2. Changing payment models. The ongoing shift from “payment for procedures” to “payment for value” is evident – bundled payments, payments for episodes of care, and penalties for hospital readmissions are current challenges. Physician anesthesiologists are uniquely positioned to define their value and to lead development of protocols before, during and after surgery, and care models that lower organizational costs and improve patient outcomes. It is no longer enough, and perhaps strategically unwise, to focus only upon anesthesia care and leave care coordination to others in the organization.
3. Cost control. Legislators, regulators, and health care executives are focused on reducing costs. Who in your practice is addressing comments that physician anesthesiologists’ services are too costly and identifying the many ways your physician anesthesiologists contribute, directly and indirectly, to the organization’s operational and financial health?
Infrastructure: How to start
1. Culture change. The old dichotomy of clinical versus nonclinical time needs to be re-examined. Essential to changing this attitude is defining the need for change and clearly articulating a strategic vision for the group’s success. The practice’s physician anesthesiologists must believe value is created at the group level and resources must be devoted to group performance as well as to the care of individual patients. The anesthesia group of the future will need to rely on a variety of clinical and nonclinical specialists working together to deliver value to the health systems that they serve.
2. Designate champions — Give them time and/or money to do the job well. It is imperative that practices provide their physician leaders sufficient time and resources to work in specific areas of the organization. Many practices already have designated physician anesthesiologists to serve as QA directors, department chiefs, and/or in leadership roles on committees within the organization. Are there other key services that physician anesthesiologists could lead or provide and in turn deliver value to the organization? A few examples include sedation services, basic financial knowledge, and perioperative surgical care.
3. Support practice leaders to develop and learn new skills. A paradox of the current age is that physicians are by and large still seen as leaders, but they have generally not been taught basic skills, such as change management, negotiation, and effective communication, necessary to lead effectively. Fortunately, there is a burgeoning industry to deliver whatever skill training and experiential learning is required, and at a cost and in a format that allow almost any physician anesthesiologist to participate.
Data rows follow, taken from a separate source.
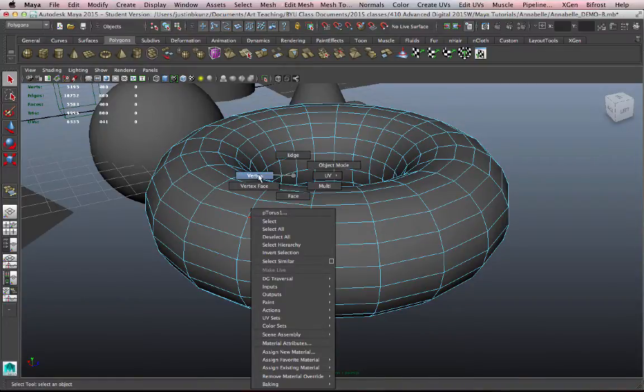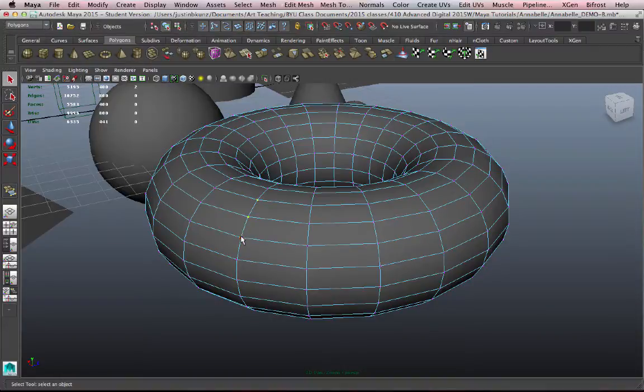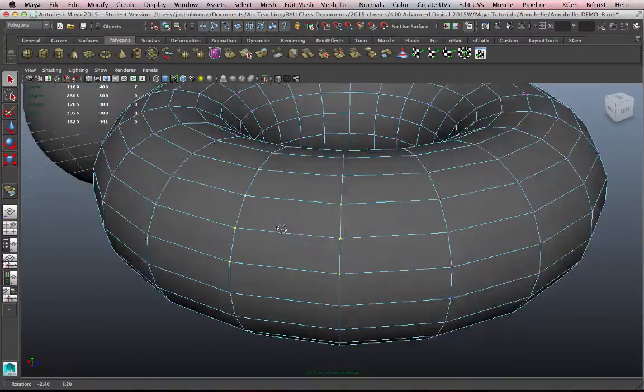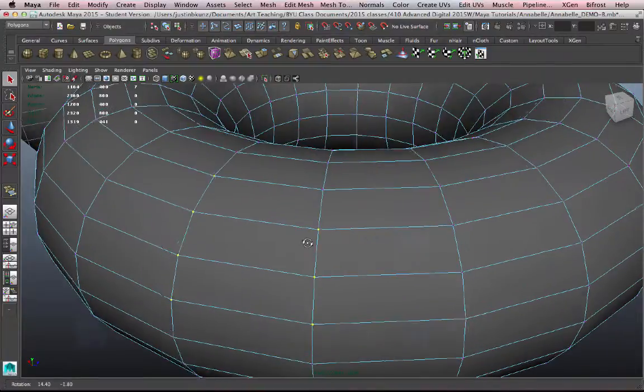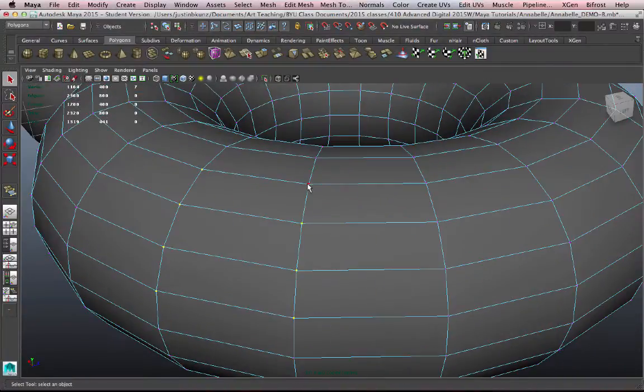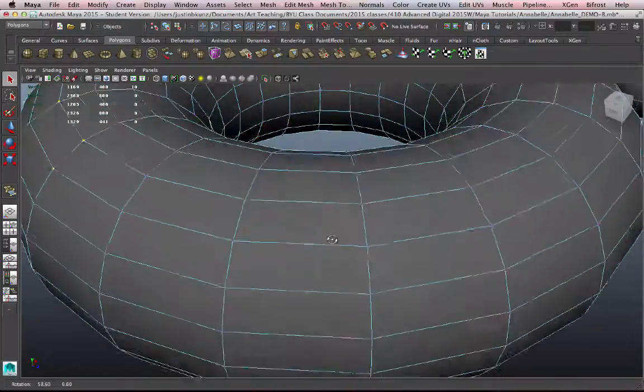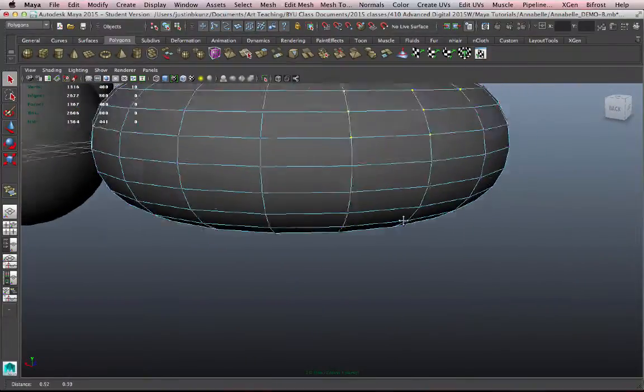I can also right click again on the object and go to vertex. A vertex is the little dot or the little point at the juncture of the edges where the edges intersect. They all intersect at points or vertices.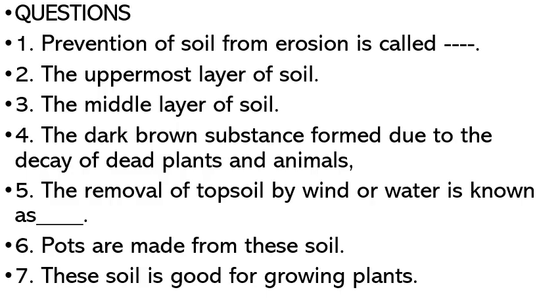There are some questions which you have to find the answers to. You can read the textbook and find the answers.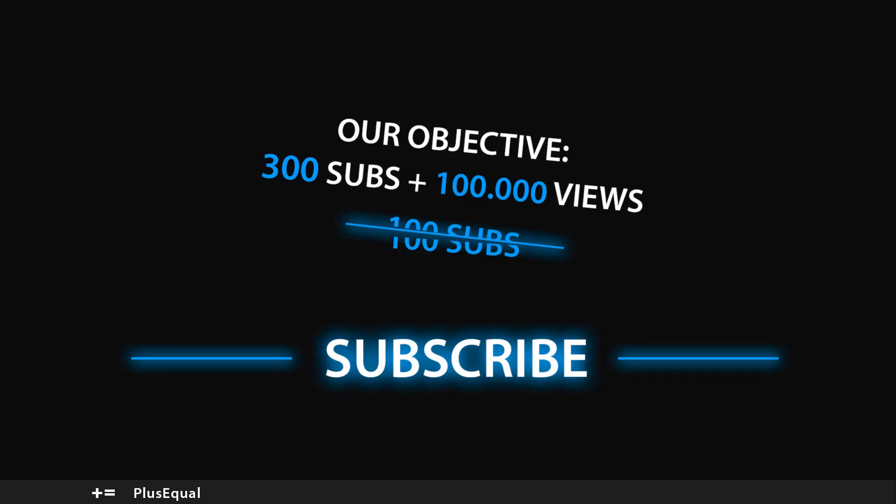But yeah that's it for this video guys. I hope you guys learned how to set up this source control that is Unity Collaborate. Again this is pretty useful for small teams, this can prove very useful. So that's it, thank you guys a lot for watching. Remember to leave a like and subscribe if you haven't yet and I'll see you in our next tutorial. Thanks a lot.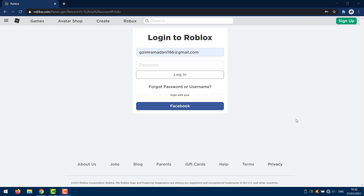Pretty much explain the situation and let them know that you don't have access to your account and that you don't know your current password. If you've done that, then you can get it back.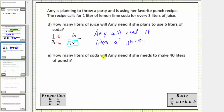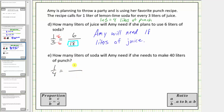For part E, how many liters of soda will Amy need if she needs to make forty liters of punch? If Amy uses one liter of soda and three liters of juice, the result is four liters of punch. Therefore, the ratio of soda to punch is one to four, forming a proportion. Amy wants forty liters of punch, so the second ratio is an unknown number of liters of soda to forty liters of punch. Because four times ten equals forty and one times ten equals ten, if Amy wants forty liters of punch, she will need ten liters of soda.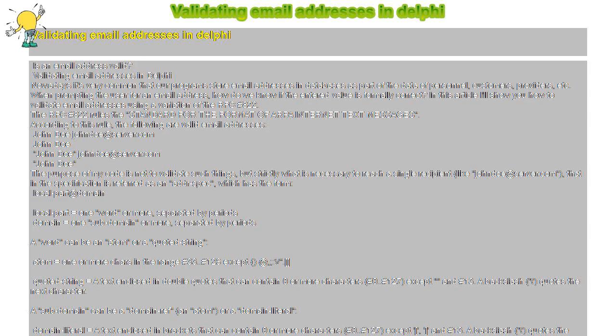Result := false; else result := true when state equals state_subdomain and subdomains >= 2. Any collaboration to improve this function will be welcome. You can find the full source code of this article in the archive that accompanies the Pascal Newsletter number 22.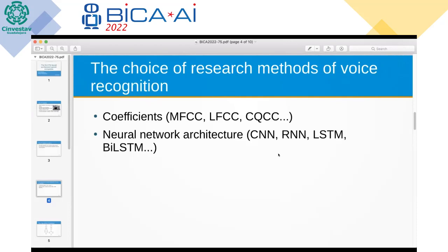The second stage is the choice of neural network architecture. The analysis showed that the bidirectional Long Short-Term Memory (BiLSTM) network is the most acceptable. It is an extension of the traditional LSTM neural network. There were not many attempts to train a model using this network, and this model had not been trained using the proposed mixture of coefficients — LFCC and CQCC.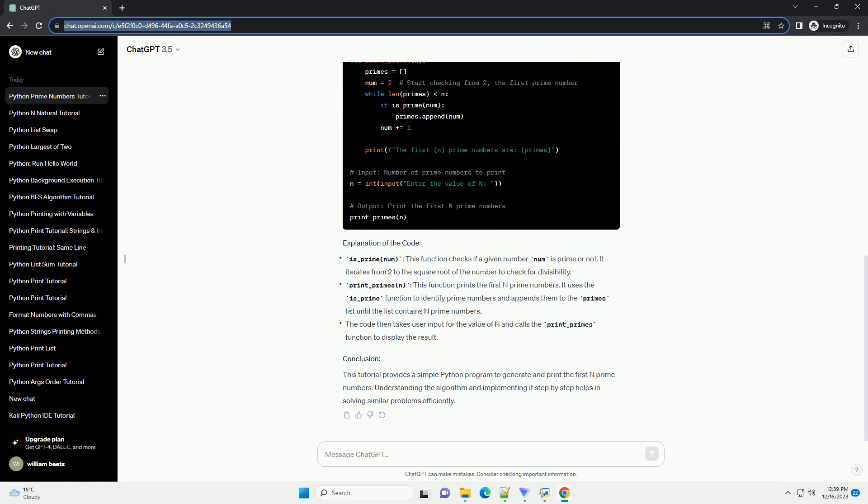This tutorial provides a simple Python program to generate and print the first n prime numbers. Understanding the algorithm and implementing it step by step helps in solving similar problems efficiently.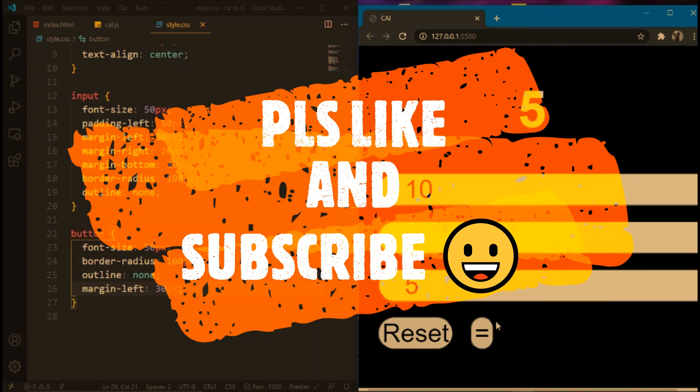And we'll add the multiplication and division in my next video. So please like and subscribe to my channel for more videos like this. See you guys later, bye bye.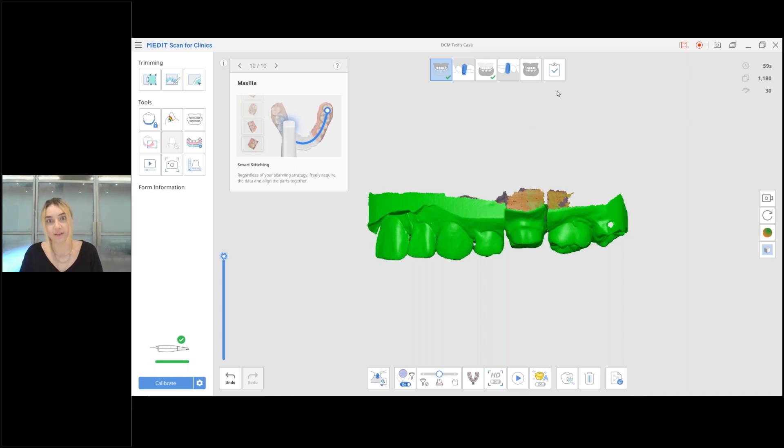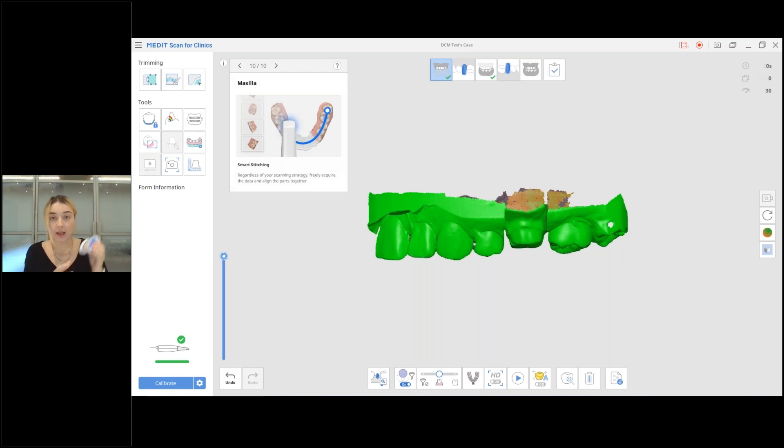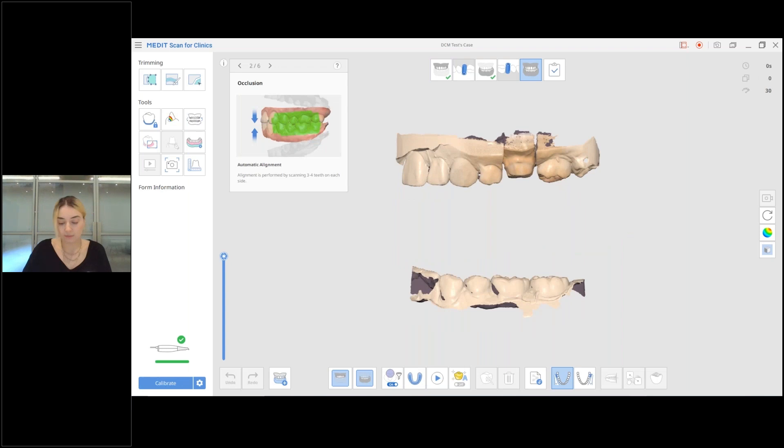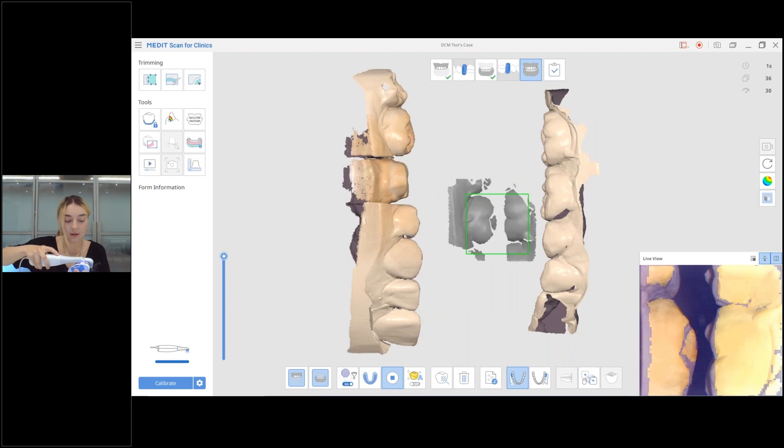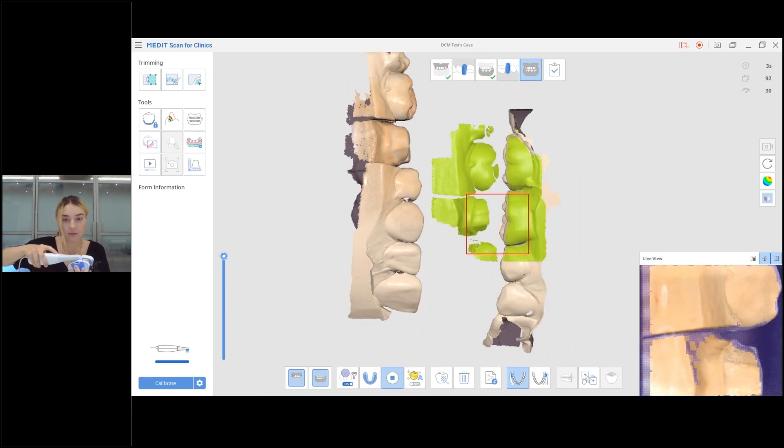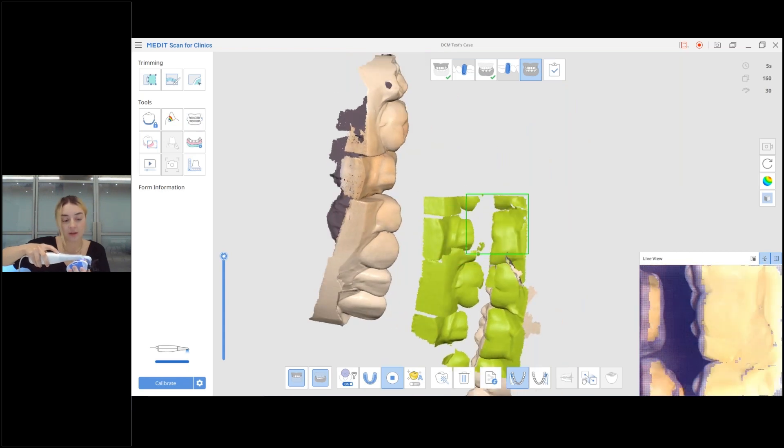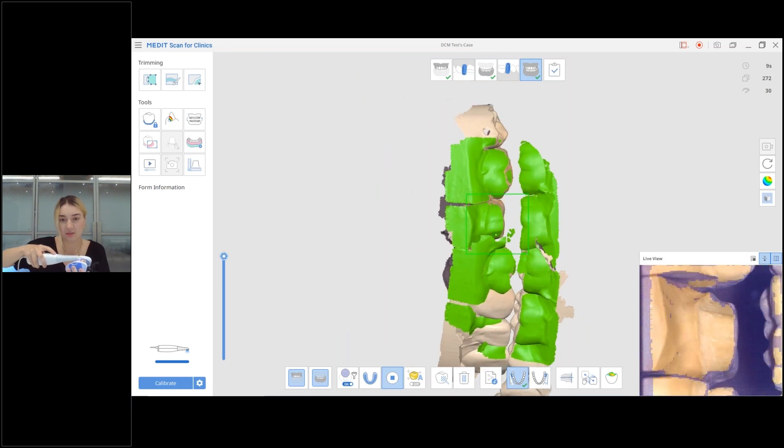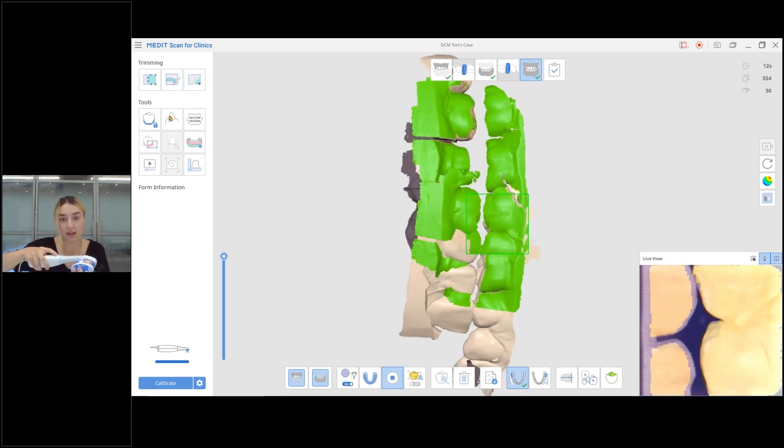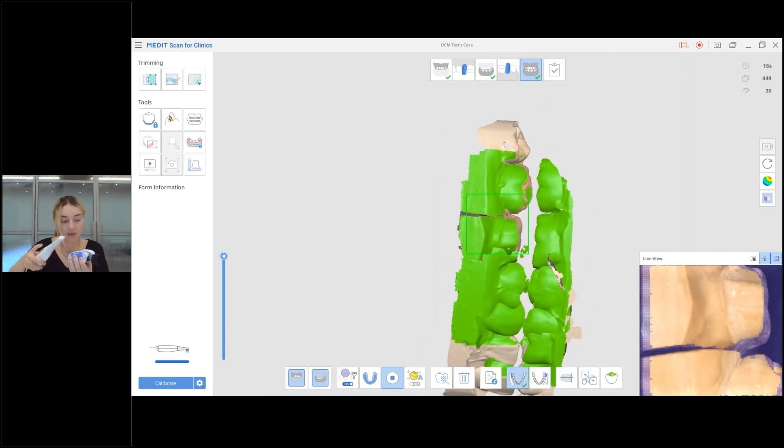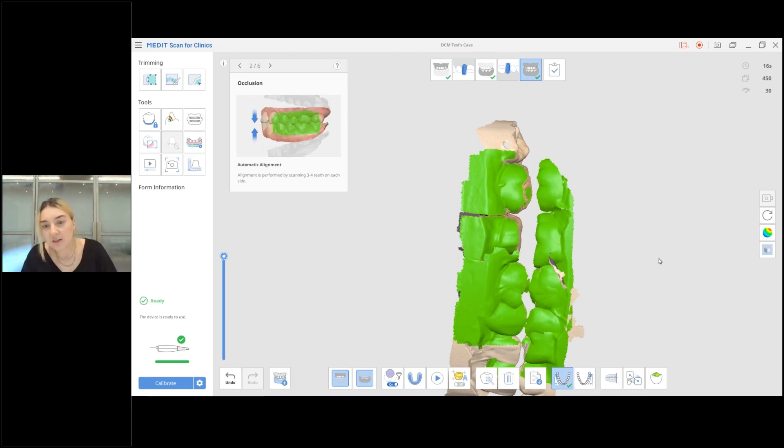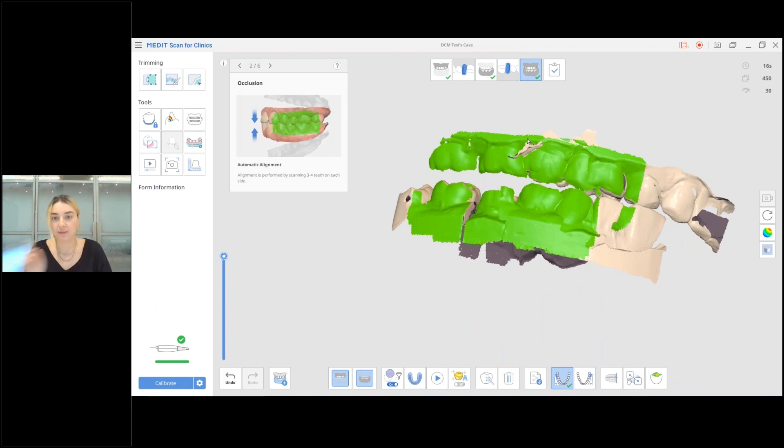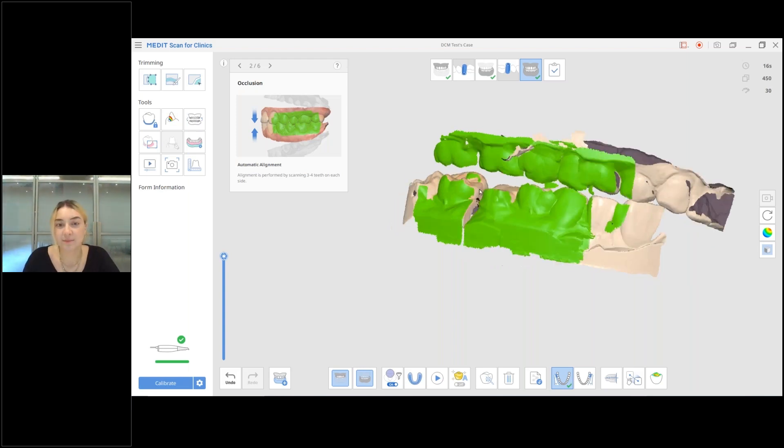And now just as I said before, we're going to scan the occlusion. I'm going to the occlusion stage and I'm just going to scan. As usual, if you have any trouble scanning the occlusion, if it takes some time to align, don't hesitate to just use manual alignment. It's nothing wrong with it, it's totally fine. Here it took me about five, around five teeth to get my occlusion, but we do recommend scanning four teeth on each jaw, even if it becomes green even faster.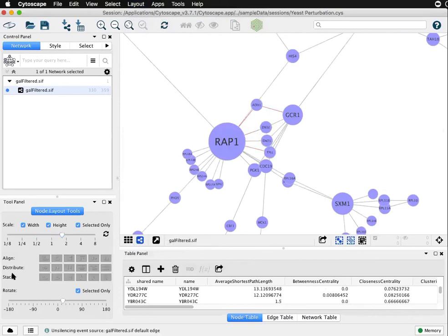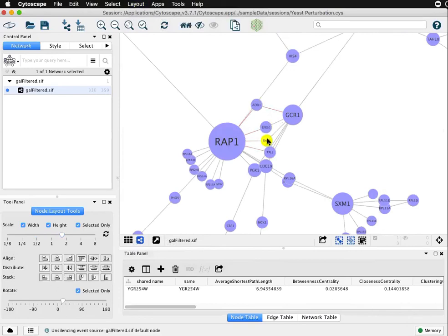There's all the align, distribute and stack options that you'd expect to see whenever you have one or more nodes selected.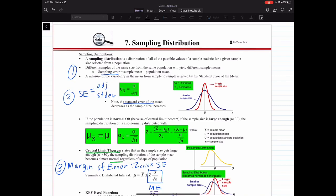The second error term is called the standard error. The notation for the standard error of the mean is sigma x-bar. The formula for the standard error of the mean is your standard deviation divided by the square root of n. You can think of the standard error as just an adjusted standard deviation — we're adjusting the standard deviation by the square root of n.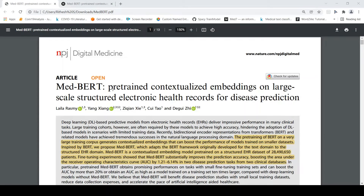This is Ritesh Srinivasan and welcome to my channel. In today's video let's look at the application of BERT transformer for electronic health records for disease prediction.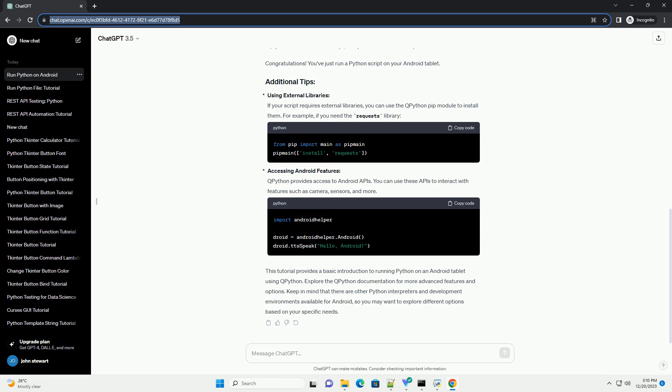Using external libraries: if your script requires external libraries, you can use the QPython pip module to install them. For example, if you need the Requests library.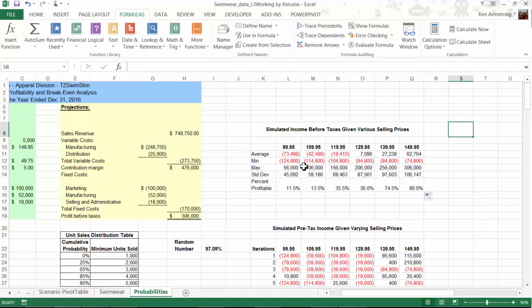Alright, that's it for Lesson 8. We'll see you in Lesson 9, where we learn more decision-making capabilities that are built into Excel. We'll use the solver model. See you then!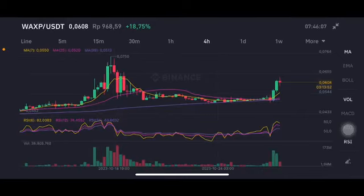Hello everyone, welcome to Cynthia Montana channel. I'm going to talk about WAXP price prediction. Before I start, don't forget to like, comment, and subscribe. I'm not a financial advisor — I'm just going to give you some prediction using technical analysis.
In summary, new value-based mandates related to payment, regulation, and scope of practice have put enormous pressure on anesthesiology practices to modify how they allocate resources. The critical role of anesthesiology practice infrastructure never has been more important. Successful practices likely will be those that identify the needs of patients and the organization, and build an infrastructure that supports, on a group level, “nonclinical” work that measures and delivers value. Regardless of your practice’s size and model, it is a good time to take a fresh look at how you support activities that add value and ask yourself, “What’s in your ‘infrastructure?’”
Jay Mesrobian is an anesthesiologist and chair, ASA Committee on Practice Management.